Associated epithelial lesions

A variety of neoplastic lesions that fall short of carcinoma are recognised in the urinary tract. These include papillary lesions such as urothelial papilloma, PUNLMP, and inverted urothelial papilloma. Similarly, flat lesions such as urothelial proliferation of uncertain malignant potential, urothelial dysplasia, keratinizing squamous metaplasia with dysplasia, and intestinal metaplasia with dysplasia can be seen. Identification of these may have diagnostic implications (e.g., the presence of keratinizing squamous metaplasia with dysplasia supporting the diagnosis of primary squamous cell carcinoma) but do not have known proven prognostic or clinical significance otherwise. While for completeness it may be useful to report such findings, it is not considered to be a required element in the context of a carcinoma diagnosis and hence categorised as recommended.

Ancillary studies

Currently there are no ancillary studies that are recommended for routine use in urothelial carcinoma of the urinary tract and hence this is not a required data item. If immunohistochemical studies are performed for resolving differential diagnosis, to assist in staging, aid the detection of LVI, or predict response to treatment (e.g., PD-L1), they could be listed in this section. If other ancillary studies are performed these should also be included in the report.
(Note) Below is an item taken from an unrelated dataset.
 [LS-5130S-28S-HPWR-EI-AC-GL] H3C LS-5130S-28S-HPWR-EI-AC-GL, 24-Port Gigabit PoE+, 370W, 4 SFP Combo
Histopathologic data are critical in the management of patients with carcinomas of the urinary tract. Hence, it is imperative that pathologists provide accurate and comprehensive data in biopsies and TUR specimens, particularly in patients with clinically noninvasive or superficially invasive carcinomas of the urinary tract. Adoption of structured (synoptic) reporting protocols have been shown to improve completeness of histopathology data in several organs [114]. Structured reports are also more user-friendly and facilitate electronic transfer of data to cancer registries and other end users of pathology data.
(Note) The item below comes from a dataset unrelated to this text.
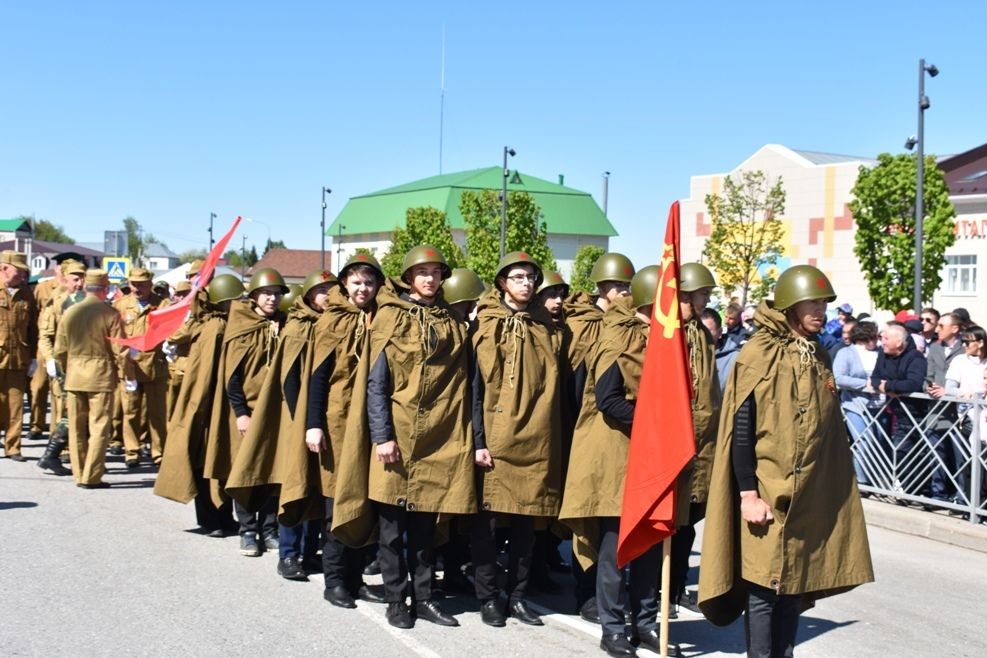 Балтачта узган Җиңү парадыннан фоторепортаж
Several national organisations and institutions have developed structured reports, but these show significant variation hindering international data comparison and benchmarking. Moreover, structured site-specific pathology reports are cumbersome to update while other countries may lack the resources to produce such documents. The ICCR datasets that have been developed by an international panel of experts to meet global needs can facilitate timely revision and adoption in the light of advancing insights and emerging predictive biomarkers. This ICCR dataset and accompanying commentary can be used as a framework by organisations developing datasets for pathology reporting of cancers of the urinary tract. The required elements in this dataset represents the minimum requirements for pathology reporting and individual pathologists or organisations may elect to collect additional data or perform more extensive special tests than is recommended by this dataset.

In summary, this dataset provides a structured template for globally harmonised collection of pathology data required for management of patients diagnosed with cancer of the urinary tract in biopsy and TUR specimens. It is expected that this will facilitate international collaboration, reduce duplication of effort in updating current national/institutional datasets and be particularly useful for countries that have not developed their own datasets.